# Your objective:
A faithful copy of all the data is required; pictures should not be included.

-- Records shown follows --

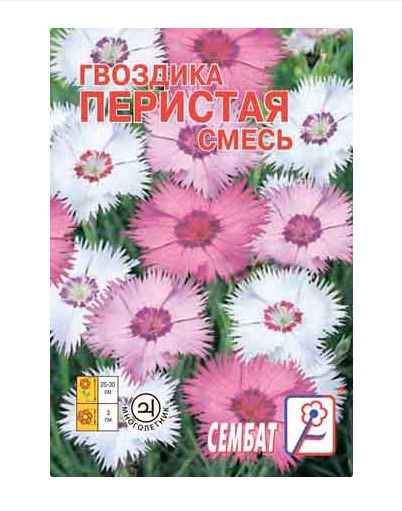 Гвоздики однолетние Сембат гвоздика_перистая - купить по выгодным ценам ...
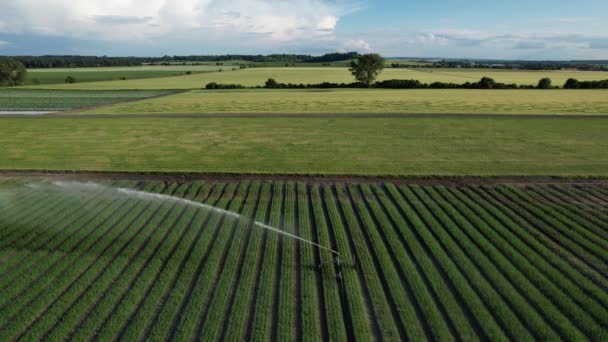 Посухи Європі Системи Зрошення Спринклерної Води Сільськогосподарське Поле Системами Іригації — стокове відео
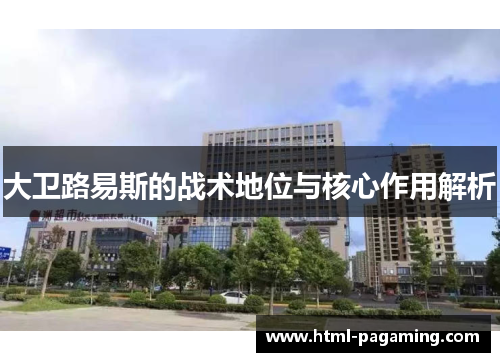 大卫路易斯的战术地位与核心作用解析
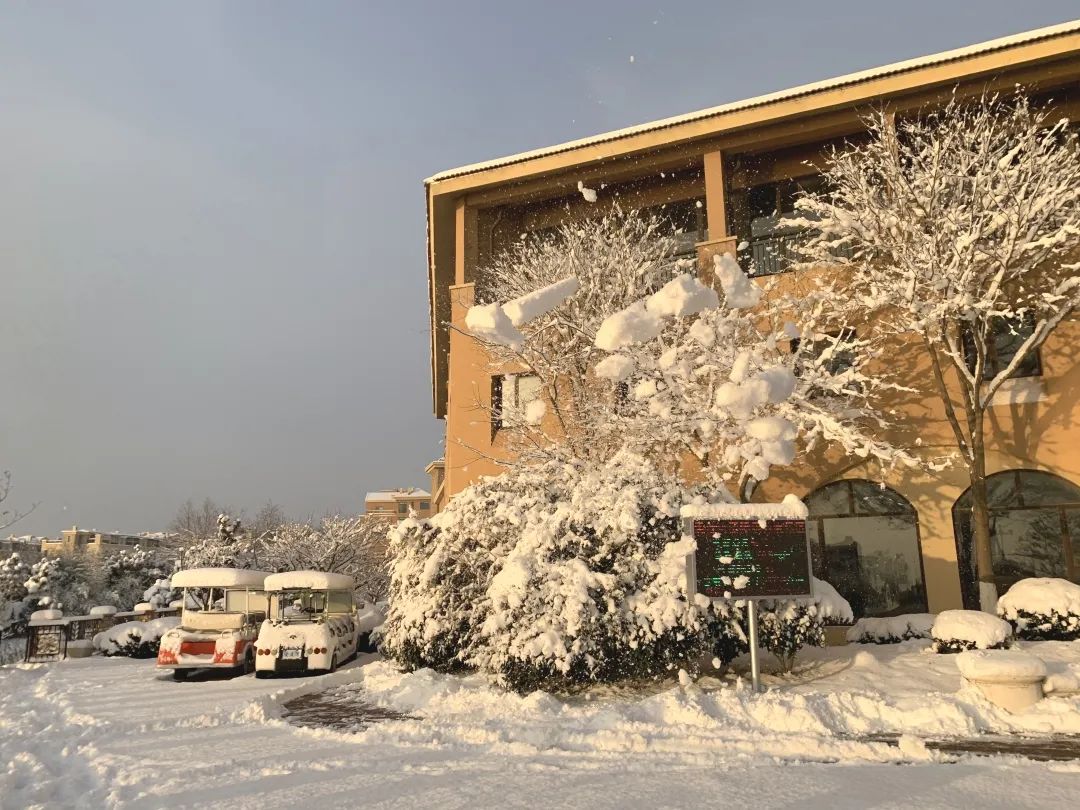 爱莲湾初雪降临 | 与您分享纯白色的极致浪漫(图12) 爱莲湾初雪降临 | 与您分享纯白色的极致浪漫(图12)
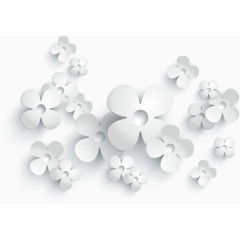 3D立体白花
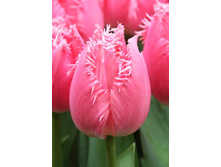 19,43���. ������� ��������(��� 10 ��. ���������� ������ 5��.).jpg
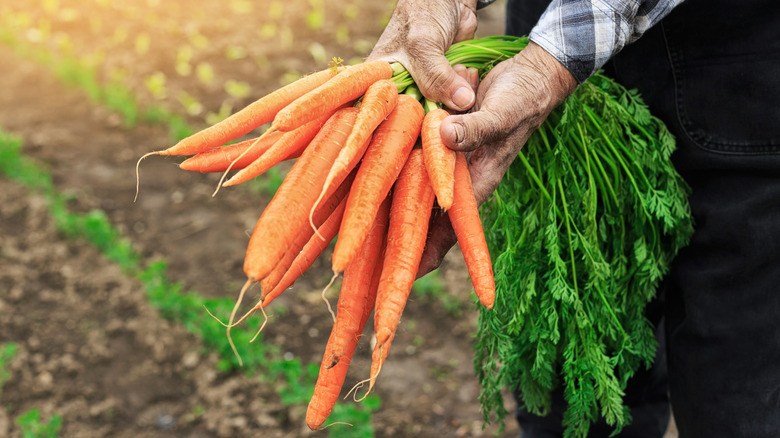 Senior hands holding a bunch of carrots in the garden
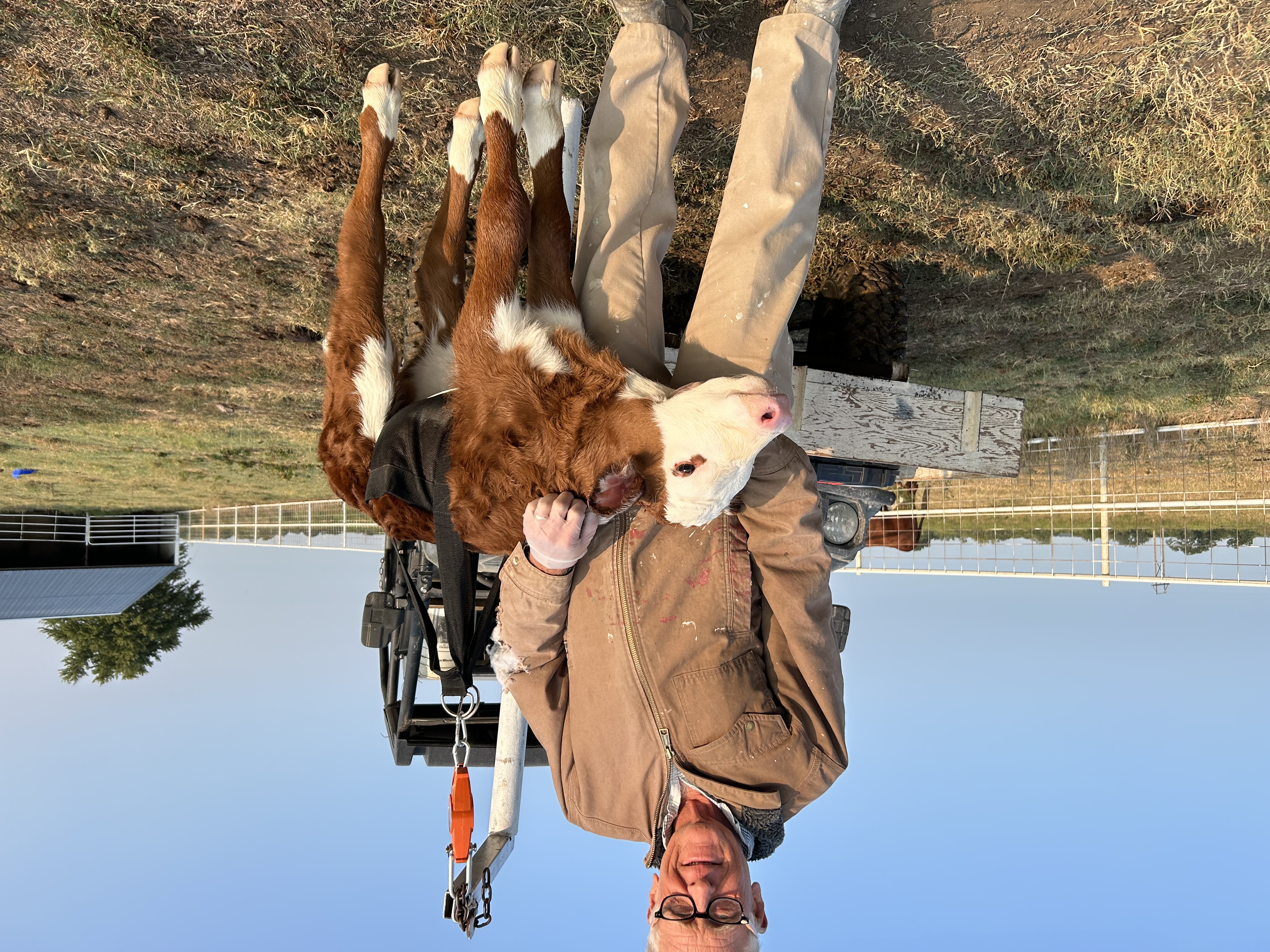 Rancher holding a Hereford calf during chores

-- Records shown concluded --

# Result:
 Гвоздики однолетние Сембат гвоздика_перистая - купить по выгодным ценам ...
 Посухи Європі Системи Зрошення Спринклерної Води Сільськогосподарське Поле Системами Іригації — стокове відео
 大卫路易斯的战术地位与核心作用解析
 爱莲湾初雪降临 | 与您分享纯白色的极致浪漫(图12) 爱莲湾初雪降临 | 与您分享纯白色的极致浪漫(图12)
 3D立体白花
 19,43���. ������� ��������(��� 10 ��. ���������� ������ 5��.).jpg
 Senior hands holding a bunch of carrots in the garden
 Rancher holding a Hereford calf during chores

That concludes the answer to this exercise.